● Your instructions
Copy exactly the lines of the records below, and only those lines, beginning with the line that contains "SHOULD + HAVE" and ending with the line that contains "nhiÒ u lÇ n ).".
* * *
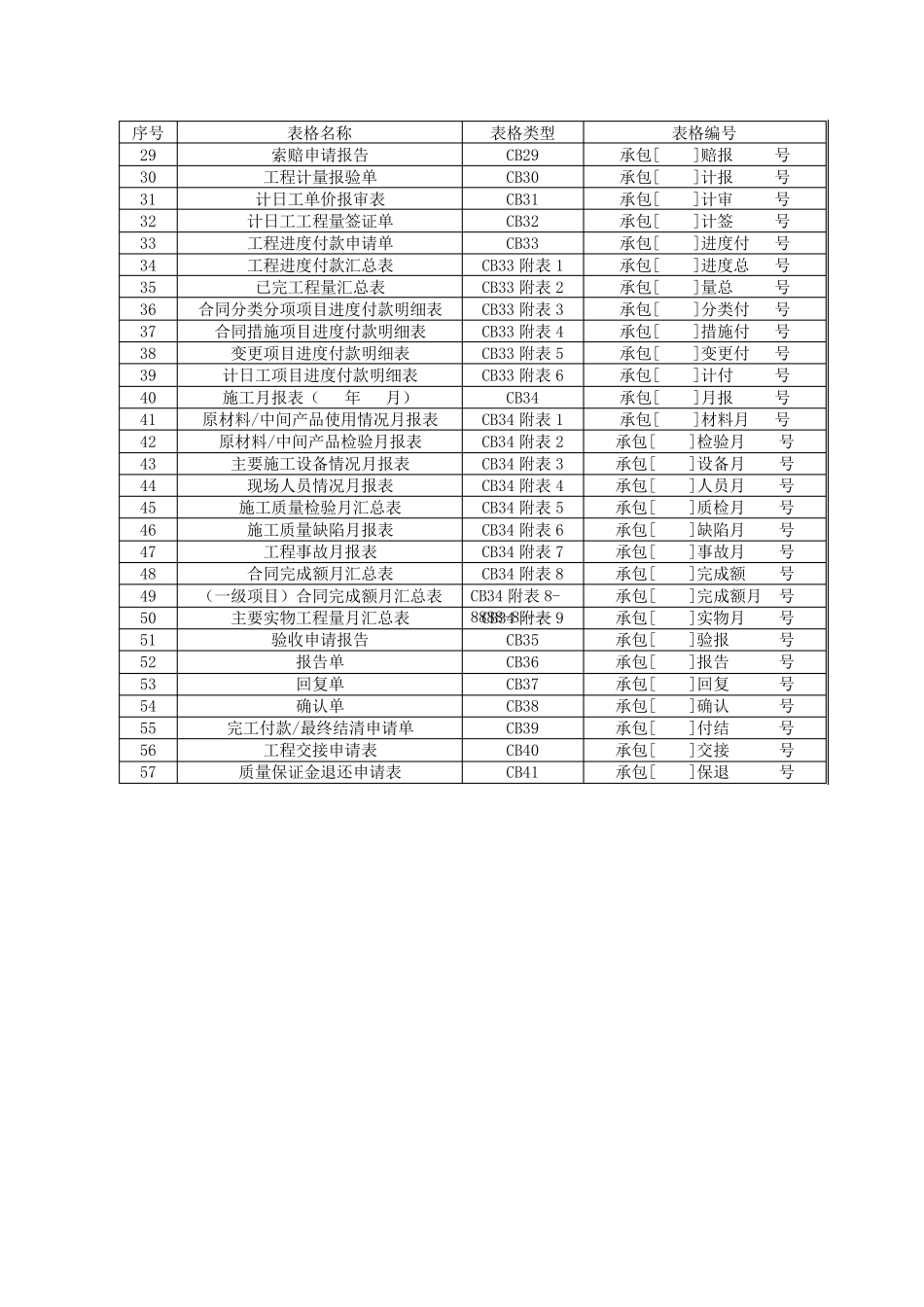 2014版水利工程(施工)规范表格_第3页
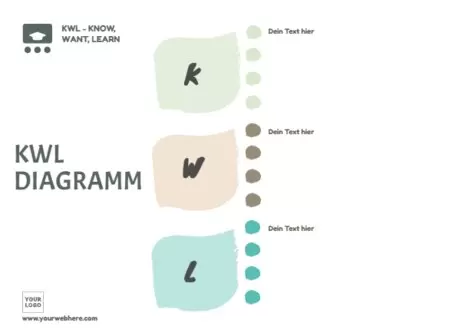 Bearbeite ein KWL-Diagramm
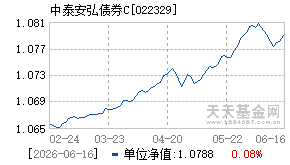 022329基金近期净值走势图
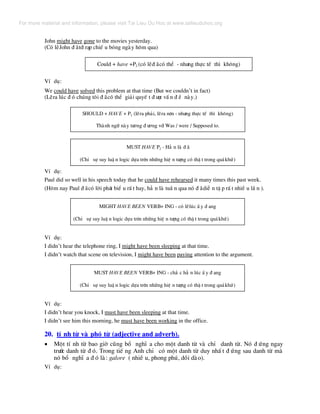 John might have gone to the movies yesterday.
(Cã lÏJohn ® ·tíi r¹p chiÕ u bãng ngµy h«m qua)
Could + have +P2 (cã lÏ® ·cã thÓ - nh−ng thùc tÕ th× kh«ng)
VÝ dô:
We could have solved this problem at that time (But we couldn’t in fact)
(LÏra lóc ® ã chóng t«i ® ·cã thÓ gi¶i quyÕ t ® −îc vÊ n ® Ò nµy.)
SHOULD + HAVE + P2 (lÏra ph¶i, lÏra nªn - nh−ng thùc tÕ th× kh«ng)
Thµnh ng÷ nµy t−¬ng ® −¬ng víi Was / were / Supposed to.
MUST HAVE P2 - H¼ n lµ ® ·
(ChØ sù suy luË n logic dùa trªn nh÷ng hiÖ n t−îng cã thË t trong qu¸khø)
VÝ dô:
Paul did so well in his speech today that he could have rehearsed it many times this past week.
(H«m nay Paul ® ·cã lêi ph¸t biÓ u rÊ t hay, h¼ n lµ tuÇ n qua nã ® ·diÔ n tË p rÊ t nhiÒ u lÇ n ).
MIGHT HAVE BEEN VERB+ ING - cã lÏlóc Ê y ® ang
(ChØ sù suy luË n logic dùa trªn nh÷ng hiÖ n t−îng cã thË t trong qu¸khø)
VÝ dô:
I didn’t hear the telephone ring, I might have been sleeping at that time.
I didn’t watch that scene on television, I might have been paying attention to the argument.
MUST HAVE BEEN VERB+ ING - ch¾ c h¼ n lóc Ê y ® ang
(ChØ sù suy luË n logic dùa trªn nh÷ng hiÖ n t−îng cã thË t trong qu¸khø)
VÝ dô:
I didn’t hear you knock, I must have been sleeping at that time.
I didn’t see him this morning, he must have been working in the office.
20. tÝ nh tõ vµ phã tõ (adjective and adverb).
• Mét tÝ nh tõ bao giê còng bæ nghÜ a cho mét danh tõ vµ chØ danh tõ. Nã ® øng ngay
tr−íc danh tõ ® ã. Trong tiÕ ng Anh chØ cã mét danh tõ duy nhÊ t ® øng sau danh tõ mµ
nã bæ nghÜ a ® ã lµ: galore ( nhiÒ u, phong phó, dåi dµo).
VÝ dô:
For more material and information, please visit Tai Lieu Du Hoc at www.tailieuduhoc.org
 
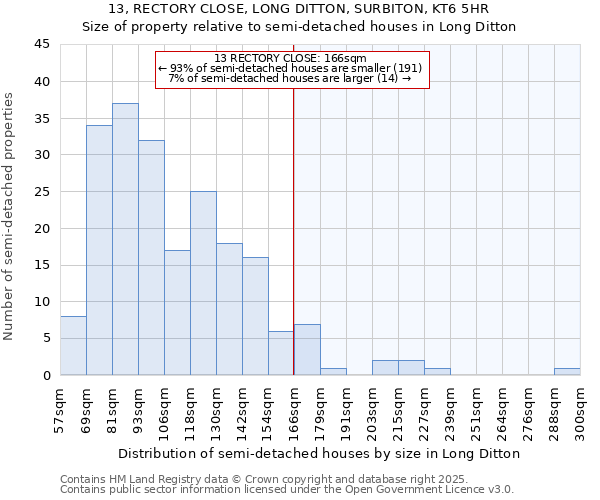 13, RECTORY CLOSE, LONG DITTON, SURBITON, KT6 5HR: Size of property relative to semi-detached houses houses in Long Ditton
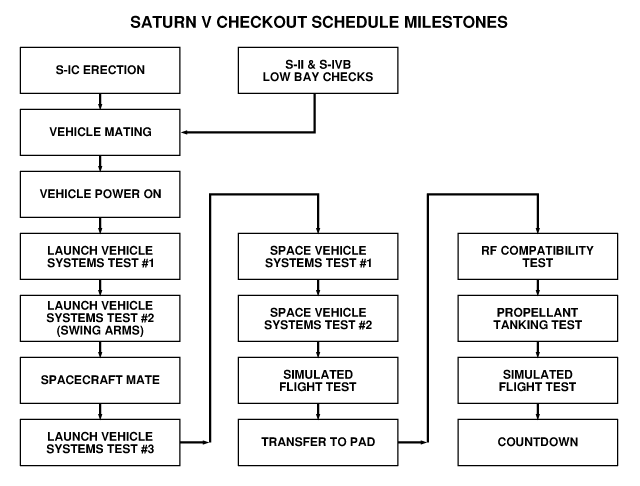 Flowchart of Saturn V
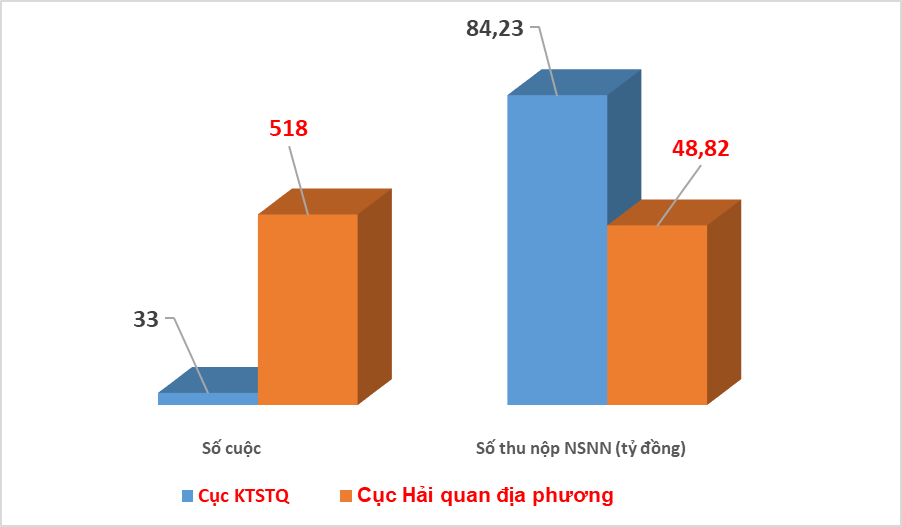 Thu nộp ngân sách 133 tỷ đồng từ kiểm tra sau thông quan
* * *
● Written response
SHOULD + HAVE + P2 (lÏra ph¶i, lÏra nªn - nh−ng thùc tÕ th× kh«ng)
Thµnh ng÷ nµy t−¬ng ® −¬ng víi Was / were / Supposed to.
MUST HAVE P2 - H¼ n lµ ® ·
(ChØ sù suy luË n logic dùa trªn nh÷ng hiÖ n t−îng cã thË t trong qu¸khø)
VÝ dô:
Paul did so well in his speech today that he could have rehearsed it many times this past week.
(H«m nay Paul ® ·cã lêi ph¸t biÓ u rÊ t hay, h¼ n lµ tuÇ n qua nã ® ·diÔ n tË p rÊ t nhiÒ u lÇ n ).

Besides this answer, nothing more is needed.